Namens klager is een ‘pro-forma’ beroepschrift ingesteld. Dat beroepschrift was niet voldoende voorzien van gronden voor het beroep. Primair is de directeur daarom van mening dat klager niet zou mogen worden ontvangen in zijn beroep. Klager heeft
onenigheid met een medegedetineerde gehad. Klager heeft vervolgens een ordemaatregel van vier dagen uitsluiting van deelname aan activiteiten opgelegd gekregen. Volgens de directeur was de oplegging van die maatregel noodzakelijk teneinde een
confrontatie met die medegedetineerde te voorkomen. Deze medegedetineerde werd negatief beïnvloed door klager. De maatregel is opgelegd teneinde de veiligheid in de inrichting te waarborgen.
3. De beoordeling
De uitspraak van de beklagcommissie dateert van 5 juli 2013 en het beroepschrift is op
10 juli 2013 bij het secretariaat van de Raad ontvangen. Het beroep is daarom tijdig ingediend. Namens klager zijn de gronden voor het beroep bij schrijven van
7 augustus 2013 nader aangevuld. Die aanvulling is ontvangen binnen de daarvoor door het secretariaat gestelde termijn en mitsdien eveneens tijdig. Klager kan daarom worden ontvangen in zijn beroep.

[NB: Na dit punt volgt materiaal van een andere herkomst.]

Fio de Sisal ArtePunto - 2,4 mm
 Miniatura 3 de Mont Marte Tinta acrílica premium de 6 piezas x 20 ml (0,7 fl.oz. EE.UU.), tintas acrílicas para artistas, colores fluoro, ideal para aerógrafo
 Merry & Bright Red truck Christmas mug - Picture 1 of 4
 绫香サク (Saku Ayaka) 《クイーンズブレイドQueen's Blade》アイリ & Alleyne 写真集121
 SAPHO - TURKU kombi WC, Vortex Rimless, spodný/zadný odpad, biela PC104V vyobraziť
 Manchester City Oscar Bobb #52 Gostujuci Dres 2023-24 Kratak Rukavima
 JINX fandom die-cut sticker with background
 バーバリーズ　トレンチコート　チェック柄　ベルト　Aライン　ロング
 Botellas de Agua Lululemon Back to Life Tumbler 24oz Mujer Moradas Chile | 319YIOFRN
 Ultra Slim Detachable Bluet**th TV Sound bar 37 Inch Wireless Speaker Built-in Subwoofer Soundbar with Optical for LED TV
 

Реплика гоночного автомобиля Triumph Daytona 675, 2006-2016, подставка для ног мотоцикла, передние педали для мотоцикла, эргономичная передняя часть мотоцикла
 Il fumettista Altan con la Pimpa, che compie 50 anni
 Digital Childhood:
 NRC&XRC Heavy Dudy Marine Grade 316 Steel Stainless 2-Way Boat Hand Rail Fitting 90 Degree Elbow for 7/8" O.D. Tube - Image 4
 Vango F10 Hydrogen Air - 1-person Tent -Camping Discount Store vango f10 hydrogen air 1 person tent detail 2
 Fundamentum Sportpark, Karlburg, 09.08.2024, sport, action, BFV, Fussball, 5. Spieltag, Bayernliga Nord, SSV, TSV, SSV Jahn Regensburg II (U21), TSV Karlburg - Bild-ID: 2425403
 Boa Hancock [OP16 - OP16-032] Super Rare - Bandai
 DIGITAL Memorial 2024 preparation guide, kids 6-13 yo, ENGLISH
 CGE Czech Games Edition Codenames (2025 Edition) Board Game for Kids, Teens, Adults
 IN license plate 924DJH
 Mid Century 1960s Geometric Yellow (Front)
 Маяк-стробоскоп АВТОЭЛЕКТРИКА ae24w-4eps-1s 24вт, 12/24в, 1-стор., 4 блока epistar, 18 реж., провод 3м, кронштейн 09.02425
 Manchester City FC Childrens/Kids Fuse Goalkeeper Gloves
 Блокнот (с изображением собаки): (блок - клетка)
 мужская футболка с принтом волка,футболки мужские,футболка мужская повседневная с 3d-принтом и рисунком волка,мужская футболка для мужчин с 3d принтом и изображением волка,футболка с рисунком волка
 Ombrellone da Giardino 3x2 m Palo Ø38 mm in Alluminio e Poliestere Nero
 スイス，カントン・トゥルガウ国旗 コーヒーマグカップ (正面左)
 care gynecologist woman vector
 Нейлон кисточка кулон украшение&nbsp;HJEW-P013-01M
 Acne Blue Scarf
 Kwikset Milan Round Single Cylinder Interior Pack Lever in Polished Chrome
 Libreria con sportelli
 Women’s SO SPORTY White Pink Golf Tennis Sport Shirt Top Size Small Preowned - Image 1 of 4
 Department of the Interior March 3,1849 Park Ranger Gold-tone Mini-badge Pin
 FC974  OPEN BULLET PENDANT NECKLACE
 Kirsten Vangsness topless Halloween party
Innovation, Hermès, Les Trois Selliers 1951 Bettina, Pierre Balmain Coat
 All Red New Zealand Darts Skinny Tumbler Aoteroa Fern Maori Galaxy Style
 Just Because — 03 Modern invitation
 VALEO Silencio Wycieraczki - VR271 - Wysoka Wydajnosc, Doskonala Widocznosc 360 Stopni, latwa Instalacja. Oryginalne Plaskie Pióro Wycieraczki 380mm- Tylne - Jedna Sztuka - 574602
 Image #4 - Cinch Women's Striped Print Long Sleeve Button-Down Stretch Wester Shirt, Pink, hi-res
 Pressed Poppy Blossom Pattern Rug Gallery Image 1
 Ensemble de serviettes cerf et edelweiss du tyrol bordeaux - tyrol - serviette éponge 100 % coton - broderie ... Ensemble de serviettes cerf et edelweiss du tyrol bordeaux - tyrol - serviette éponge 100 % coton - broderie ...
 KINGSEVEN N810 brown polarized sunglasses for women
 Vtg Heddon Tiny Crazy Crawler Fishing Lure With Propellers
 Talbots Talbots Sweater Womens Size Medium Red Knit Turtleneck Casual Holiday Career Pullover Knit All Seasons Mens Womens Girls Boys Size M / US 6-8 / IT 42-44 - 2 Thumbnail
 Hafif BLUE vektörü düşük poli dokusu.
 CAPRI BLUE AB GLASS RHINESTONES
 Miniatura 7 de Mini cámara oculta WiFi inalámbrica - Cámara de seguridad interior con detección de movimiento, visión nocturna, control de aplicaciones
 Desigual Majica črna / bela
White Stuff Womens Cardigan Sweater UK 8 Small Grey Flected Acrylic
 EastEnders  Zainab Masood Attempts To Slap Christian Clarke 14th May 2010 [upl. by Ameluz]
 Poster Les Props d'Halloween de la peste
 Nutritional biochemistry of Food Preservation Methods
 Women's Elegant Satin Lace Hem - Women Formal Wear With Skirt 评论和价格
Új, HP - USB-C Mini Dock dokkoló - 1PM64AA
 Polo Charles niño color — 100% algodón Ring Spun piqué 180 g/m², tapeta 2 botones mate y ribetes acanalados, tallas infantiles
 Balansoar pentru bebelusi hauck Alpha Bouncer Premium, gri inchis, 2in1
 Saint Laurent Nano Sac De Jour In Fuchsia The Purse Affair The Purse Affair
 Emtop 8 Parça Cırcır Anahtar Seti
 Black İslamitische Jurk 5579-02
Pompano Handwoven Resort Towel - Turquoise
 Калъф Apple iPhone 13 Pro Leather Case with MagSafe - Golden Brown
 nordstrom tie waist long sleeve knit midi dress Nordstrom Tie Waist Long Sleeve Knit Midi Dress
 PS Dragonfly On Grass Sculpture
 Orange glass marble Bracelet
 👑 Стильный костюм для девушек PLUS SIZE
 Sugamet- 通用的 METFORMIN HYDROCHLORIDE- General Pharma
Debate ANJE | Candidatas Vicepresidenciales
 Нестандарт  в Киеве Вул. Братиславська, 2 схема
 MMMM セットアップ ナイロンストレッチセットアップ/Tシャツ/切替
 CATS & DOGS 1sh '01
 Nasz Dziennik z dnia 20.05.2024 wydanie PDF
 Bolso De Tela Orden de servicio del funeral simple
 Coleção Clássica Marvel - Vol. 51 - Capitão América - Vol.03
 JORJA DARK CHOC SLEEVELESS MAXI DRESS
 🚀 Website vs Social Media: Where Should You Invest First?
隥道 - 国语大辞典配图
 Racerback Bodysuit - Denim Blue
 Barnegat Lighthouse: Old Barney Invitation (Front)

Op grond van artikel 23 van de Pbw, kan de directeur een gedetineerde uitsluiten van deelname aan een of meer activiteiten indien dit (onder meer) in het belang van de handhaving van de orde en veiligheid in de inrichting dan wel van een ongestoorde
tenuitvoerlegging van de vrijheidsbeneming noodzakelijk is, of indien dit ter bescherming van de betrokken gedetineerde noodzakelijk is.
Uit de mededeling van de bestreden beslissing komt naar voren dat tot de ordemaatregel is besloten in verband met die hiervoor genoemde belangen.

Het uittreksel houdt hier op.